What does Matthew 17:23 mean?
ESV: and they will kill him, and he will be raised on the third day.” And they were greatly distressed.
NIV: They will kill him, and on the third day he will be raised to life.' And the disciples were filled with grief.
NASB: and they will kill Him, and He will be raised on the third day.' And they were deeply grieved.
CSB: They will kill him, and on the third day he will be raised up." And they were deeply distressed.
NLT: He will be killed, but on the third day he will be raised from the dead.' And the disciples were filled with grief.
KJV: And they shall kill him, and the third day he shall be raised again. And they were exceeding sorry.
In making these statements, Jesus is not speaking in parables or obtuse language. He is not attempting to confuse the disciples. He truly wants them to know what is coming, and He is intentionally being clear about what will soon happen to Him. He is providing for them both by managing their expectations for what comes next and by giving them facts to remember after His death and then His resurrection.

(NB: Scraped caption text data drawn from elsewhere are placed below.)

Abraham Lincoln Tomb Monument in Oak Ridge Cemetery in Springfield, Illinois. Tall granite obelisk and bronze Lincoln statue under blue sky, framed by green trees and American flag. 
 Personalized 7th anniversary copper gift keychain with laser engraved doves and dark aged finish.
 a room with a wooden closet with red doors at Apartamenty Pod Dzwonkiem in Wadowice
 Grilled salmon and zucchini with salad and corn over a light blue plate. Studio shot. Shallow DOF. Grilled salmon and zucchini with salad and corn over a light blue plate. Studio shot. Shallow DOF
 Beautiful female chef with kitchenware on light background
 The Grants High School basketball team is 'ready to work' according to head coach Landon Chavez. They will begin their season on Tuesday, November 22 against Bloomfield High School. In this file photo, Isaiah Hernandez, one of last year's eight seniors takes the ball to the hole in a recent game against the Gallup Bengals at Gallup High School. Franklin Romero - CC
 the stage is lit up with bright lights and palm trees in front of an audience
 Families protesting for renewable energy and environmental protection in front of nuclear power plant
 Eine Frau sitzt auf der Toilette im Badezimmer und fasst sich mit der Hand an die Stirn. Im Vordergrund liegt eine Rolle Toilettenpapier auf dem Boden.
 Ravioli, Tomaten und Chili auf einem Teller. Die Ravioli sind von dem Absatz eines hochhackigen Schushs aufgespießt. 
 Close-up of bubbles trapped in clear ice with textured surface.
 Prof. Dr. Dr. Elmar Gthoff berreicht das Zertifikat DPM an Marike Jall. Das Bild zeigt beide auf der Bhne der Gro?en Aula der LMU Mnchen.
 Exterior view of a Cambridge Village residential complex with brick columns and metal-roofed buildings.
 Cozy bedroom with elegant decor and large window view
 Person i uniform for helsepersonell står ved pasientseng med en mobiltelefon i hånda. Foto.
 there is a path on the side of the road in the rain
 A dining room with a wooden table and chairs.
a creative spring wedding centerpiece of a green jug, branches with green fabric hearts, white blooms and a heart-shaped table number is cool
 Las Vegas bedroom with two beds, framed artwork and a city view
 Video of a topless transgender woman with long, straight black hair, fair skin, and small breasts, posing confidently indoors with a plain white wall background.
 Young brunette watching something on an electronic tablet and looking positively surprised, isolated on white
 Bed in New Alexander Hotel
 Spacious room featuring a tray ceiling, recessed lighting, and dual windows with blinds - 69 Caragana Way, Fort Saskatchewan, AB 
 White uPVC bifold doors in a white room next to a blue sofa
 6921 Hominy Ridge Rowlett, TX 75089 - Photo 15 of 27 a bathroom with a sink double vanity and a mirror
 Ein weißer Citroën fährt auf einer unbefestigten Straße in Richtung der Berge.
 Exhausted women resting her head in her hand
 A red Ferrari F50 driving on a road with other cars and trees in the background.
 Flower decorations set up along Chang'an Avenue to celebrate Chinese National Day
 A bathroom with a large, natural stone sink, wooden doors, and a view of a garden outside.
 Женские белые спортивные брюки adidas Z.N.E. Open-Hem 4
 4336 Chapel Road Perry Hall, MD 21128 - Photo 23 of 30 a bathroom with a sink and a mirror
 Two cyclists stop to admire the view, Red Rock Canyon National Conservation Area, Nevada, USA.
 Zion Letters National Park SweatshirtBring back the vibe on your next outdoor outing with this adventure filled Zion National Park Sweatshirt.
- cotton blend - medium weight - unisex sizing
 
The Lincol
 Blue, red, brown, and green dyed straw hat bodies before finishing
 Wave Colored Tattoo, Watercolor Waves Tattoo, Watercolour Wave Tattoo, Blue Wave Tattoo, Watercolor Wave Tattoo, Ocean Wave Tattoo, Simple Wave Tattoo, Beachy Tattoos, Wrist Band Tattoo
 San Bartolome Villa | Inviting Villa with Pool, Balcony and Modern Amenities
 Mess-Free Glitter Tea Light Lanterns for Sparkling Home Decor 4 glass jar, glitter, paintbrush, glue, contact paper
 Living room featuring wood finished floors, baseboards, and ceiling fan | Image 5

He has told them that He, the "Son of Man," is about to be delivered into the hands of men. Now He adds that those men will kill Him and then He will be raised on the third day (John 12:32–33). Jesus willingly made Himself available to be sacrificed for the sins of humanity on the cross. He did this with full knowledge of what would take place (Matthew 16:21; 17:22–23). He was never surprised by a moment of it. He was acting in full obedience and submission to the will of God the Father, who gave His only begotten Son as this sacrifice (John 3:16).
The disciples were upset to hear Jesus say this. Still, they did not fully understand what it meant (John 2:22).
Matthew 17:22–27 begins with Jesus once again predicting His death at the hands of religious enemies in Jerusalem (Matthew 16:21). Collectors of the annual two-drachma temple tax approach Peter and ask if Jesus will pay. Jesus explains to Peter why He is exempt from the tax, but He says that He will pay it to avoid giving offense over the issue. He commands Peter to pay the tax for them both: by catching a fish in which he will find a coin sufficient for the task.
Jesus takes Peter, James, and John up on a high mountain. There, they see Him "transfigured" into a shining, divine form. They also see Christ speaking with Moses and Elijah but are commanded not to speak of this event until later. Jesus heals a demon-afflicted boy after the disciples cannot cast the demon out. Jesus very clearly tells the disciples He will be delivered into the hands of men, killed, and raised on the third day. After explaining why He is exempt from a temple tax, Jesus agrees to pay it and tells Peter to find the money in the mouth of a fish.
Matthew 17 begins with the fulfillment of Jesus' prediction at the end of the previous chapter: that some of those present would not die before seeing Him coming in His kingdom. Jesus casts out a demon, predicts His death, and commands Peter to pay a temple tax with a coin from the mouth of a fish. This leads Matthew back to extensive records of Jesus' teachings, continuing through chapter 20.
The Gospel of Matthew clearly shows the influence of its writer's background, and his effort to reach a specific audience. Matthew was one of Jesus' twelve disciples, a Jewish man, and a former tax collector. This profession would have required literacy, and Matthew may have transcribed some of Jesus' words as they were spoken. This book is filled with references to the Old Testament, demonstrating to Israel that Jesus is the Promised One. Matthew also includes many references to coins, likely due to his former profession. Matthew records extensive accounts of Jesus' teaching, more than the other three Gospels.